If you are planning on working with shadows/lighting, it would be a good idea to try and get an understanding of the different 3D transformation spaces. One of the things that makes shader control flow difficult is that you need to be aware of what space each of your variables are working in at a time in your program.
As an overview:
Local space (Or object Space): Is the space relative to the original model file. This is un-transformed and what the default position is if you attempted to draw something.
World Space: After transformations have been applied, such as rotations/translations. Our object exists in world space. This is the actual coordinate of the object in the game space or 3D room.
View Space (Or Eye Space): In order to have a camera work, we transform everything into view space. This both rotates things and moves things relative to the camera. In view space, the point (0,0,0) corresponds to the position of the camera, and the z component represents distance from the camera.
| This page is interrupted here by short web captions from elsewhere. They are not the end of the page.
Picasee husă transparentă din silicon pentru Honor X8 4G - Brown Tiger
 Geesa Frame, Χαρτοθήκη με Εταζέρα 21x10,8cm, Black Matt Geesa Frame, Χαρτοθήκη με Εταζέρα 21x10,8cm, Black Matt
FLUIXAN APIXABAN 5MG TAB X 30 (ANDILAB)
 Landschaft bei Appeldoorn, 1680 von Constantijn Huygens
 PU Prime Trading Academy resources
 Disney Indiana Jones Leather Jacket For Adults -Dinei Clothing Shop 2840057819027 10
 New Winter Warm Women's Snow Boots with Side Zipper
Homogeneous Clip space: We now scale things using a view frustum so that further away objects appear visible smaller. The relative scaling corresponds to the size of the viewing planes (both near and far) and these are dependent on the field of view.
Normalised Device Coordinates: Before we can use the position of things on screen, we first scale our coordinate system such that the centre of the screen corresponds to 0,0 with the upper-left corner being (-1,-1)
Screen space: After all of this, we simply scale and bias things back into screen space. Depending on your target system, this can either be a value between 0 and 1 (with 0 being upper left corner, and 1 being bottom right), or between (0,0) and (view_wview, view_hview ).
Hope this answers your question, and aids by giving you a little more insight into the 3D transformation pipeline.